Несмотря на все хвалебные отзывы, пятнадцатилетняя первая красавица мира все еще не имела кавалера. Она по-прежнему кокетливо стягивала с плечика блузку, повыше вскидывала юбки или туго затягивала талию, дабы продемонстрировать достоинства фигуры. Ее настырная мамаша купила ей черное вечернее платье без бретелек и даже разрешила каждый день красить губы — но увы, никто до сих пор так и не клюнул на эту приманку.
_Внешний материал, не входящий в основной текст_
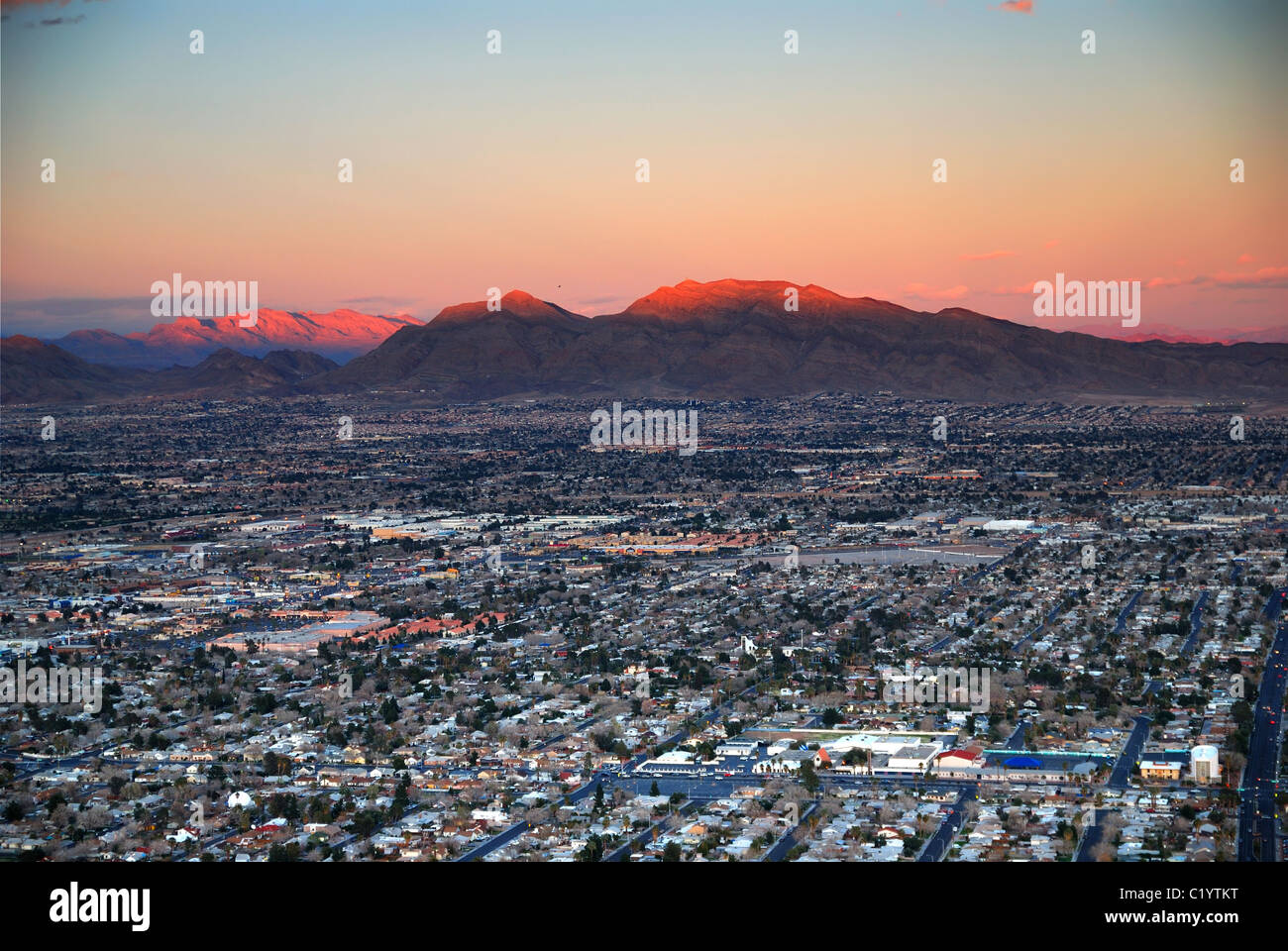 Las Vegas strip vista aerea al tramonto con la montagna, Autostrada, strada e hotel di lusso. Foto Stock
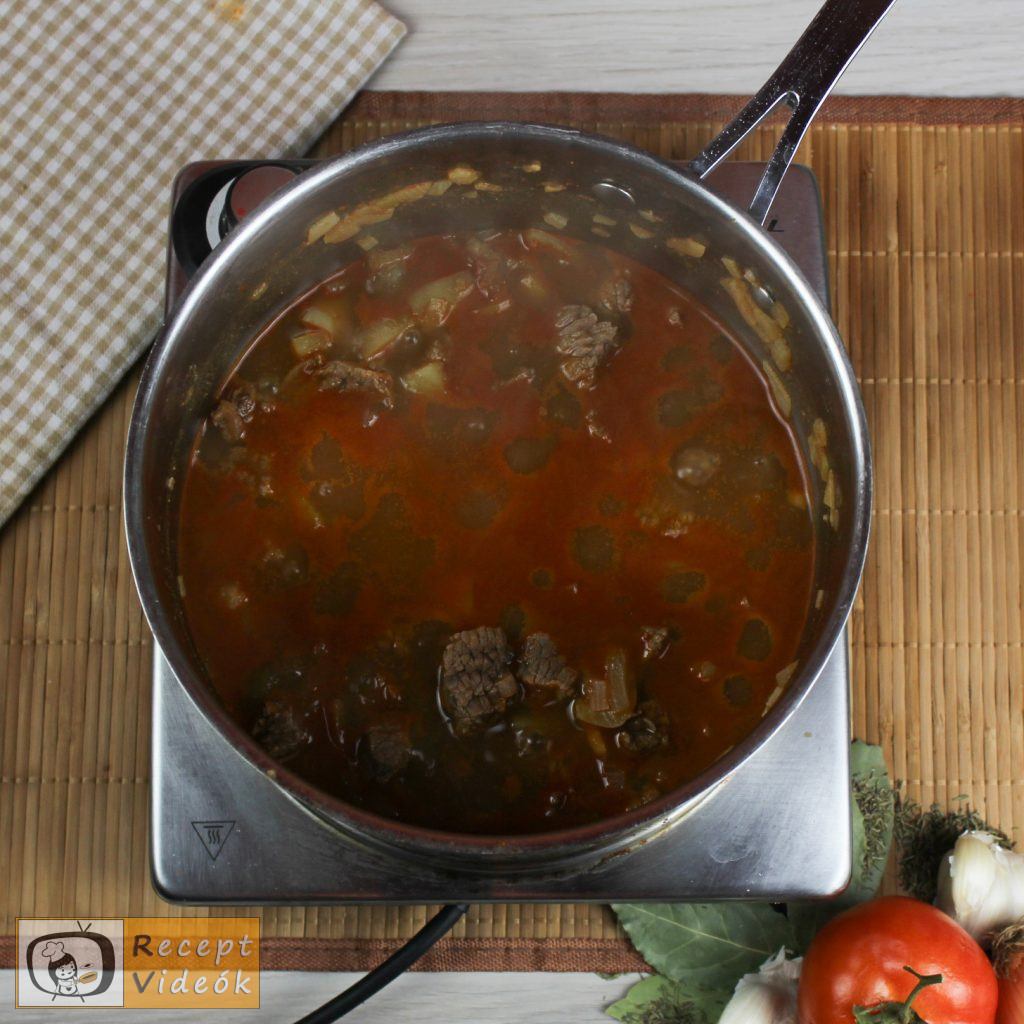 Marhapörkölt recept, marhapörkölt elkészítése 4. lépés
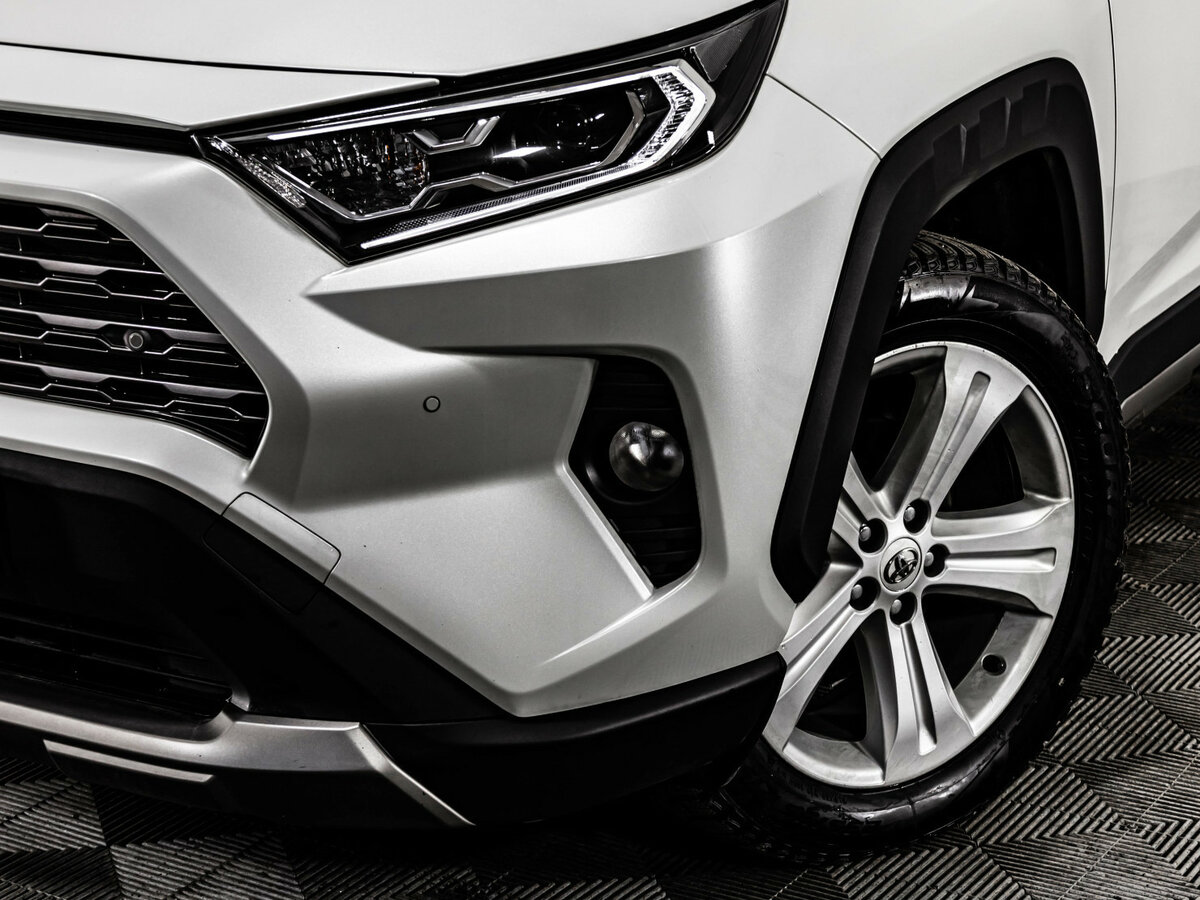 Toyota RAV4 с пробегом — 2022 год. Фото: #7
Наконец, совершенно отчаявшись, Сара попросила своего семнадцатилетнего сына Говарда, который в ту пору учился в школе Беверли-Хиллз, привести домой кого-нибудь из своих школьных друзей, чтобы они познакомились с Элизабет. На что Говард ответил, что его друзей кинозвезды не интересуют. Сара не отступила. Она даже устраивала пикники с вылазкой на природу или на пляж, чтобы только привлечь товарищей своего сына. Но все ее старания оставались безрезультатными. Парни попросту игнорировали Элизабет.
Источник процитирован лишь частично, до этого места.